Anyway, I signed a couple on loan this week. I was going to parade them at the Old Cornfield today but instead I'm keeping them under wraps at the chairman's farm while I see if Sky TV go for my latest plan. It's a mascot competition, a cross between wrestling and gladiators. The idea is is we pit our mascot against characters like Stamford the Lion from Chelsea and Manchester United's Fred the Red. It'll be a massive audience puller and I reckon Yogi and Paddington could be quite a handful. If Sky don't go for it maybe Live TV will - after all, our bears are topless.

Shaun Prone's out this week, he was badly mauled playing with Yogi. Ivor Niggle's also missing, he got severely stung by bees on a honey-hunting expedition.

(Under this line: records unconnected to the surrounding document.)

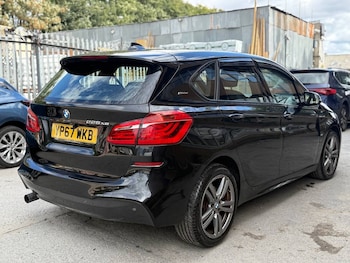 Used BMW 2 Series 2018 for sale - 75984007: Photo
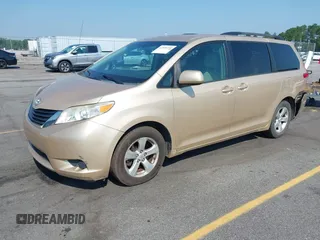 2012 Toyota Sienna LE AAS с VIN 5TDKK3DC0CS239963, выставлен на аукционе IAAI как лот 42550710 с пробегом 192 712 миль миль и . История ставок и продаж доступна на DreamBid. Изображение 19.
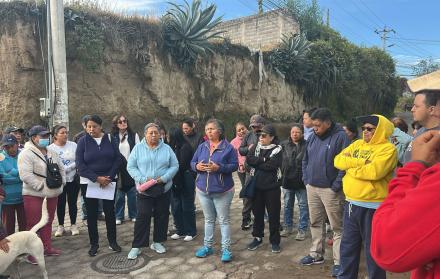 plantón por desabastecimiento de agua en Puembo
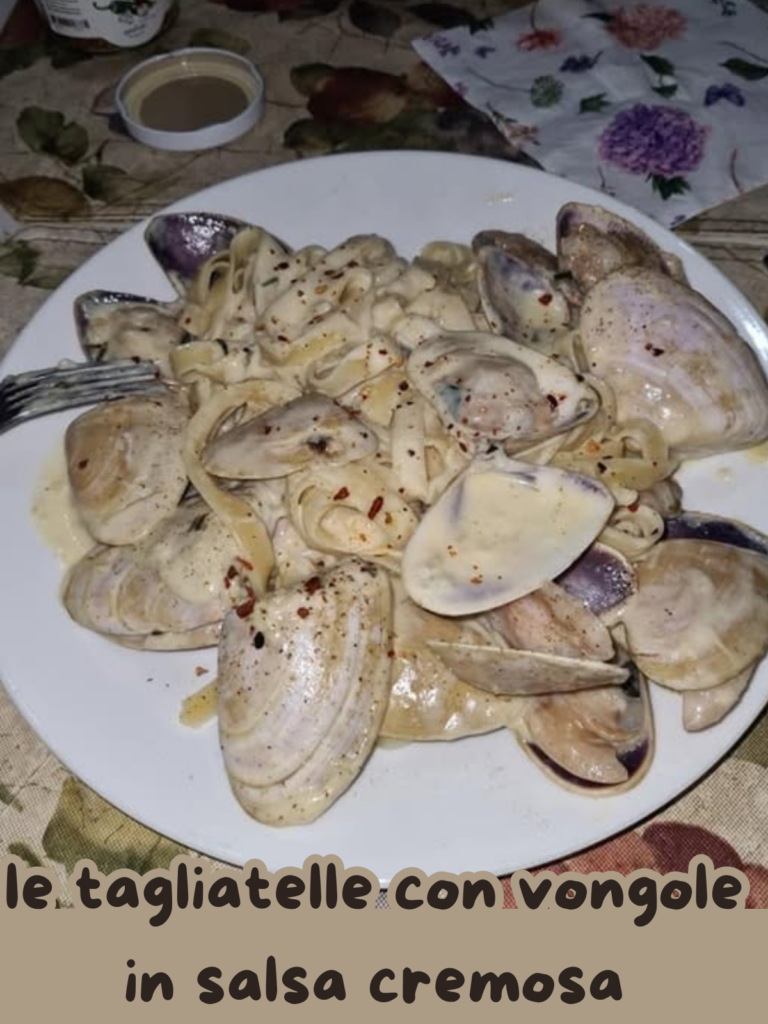Tagliatelle con Vongole in Salsa Cremosa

*Gaffer Tours Plc would like to point out the use of the names Pele, Franz Beckenbauer, Paul Gascoigne and Willie Johnston in no way constitutes approval or even knowledge of these tours by the individuals named. But we will get round to telling them, honest. **The management reserves the right to substitute aforesaid games with Chile v Cameroon, Japan v Croatia, South Africa v Saudi Arabia, Mexico v South Korea and Nigeria v Paraguay. ***The automobile will be a local classic model Citroen 2CV (diesel). ****The management reserves the right to substitute Messrs Shearer, Asprilla, Zidane or Ronaldo at any time with similar personalities from Iran, Saudi Arabia, South Korea and Paraguay. Messrs Shearer, Asprilla, Zidane and Ronaldo are in no way connected with, or have even heard of, the management of Gaffer Tours Plc.

No refunds or correspondence will be entered into. Gaffer Tours is not bonded or linked to Abta or Iata as that is for cattle on package tours not dedicated football fans like you and us. You can trust the Gaffer, his word is his bond.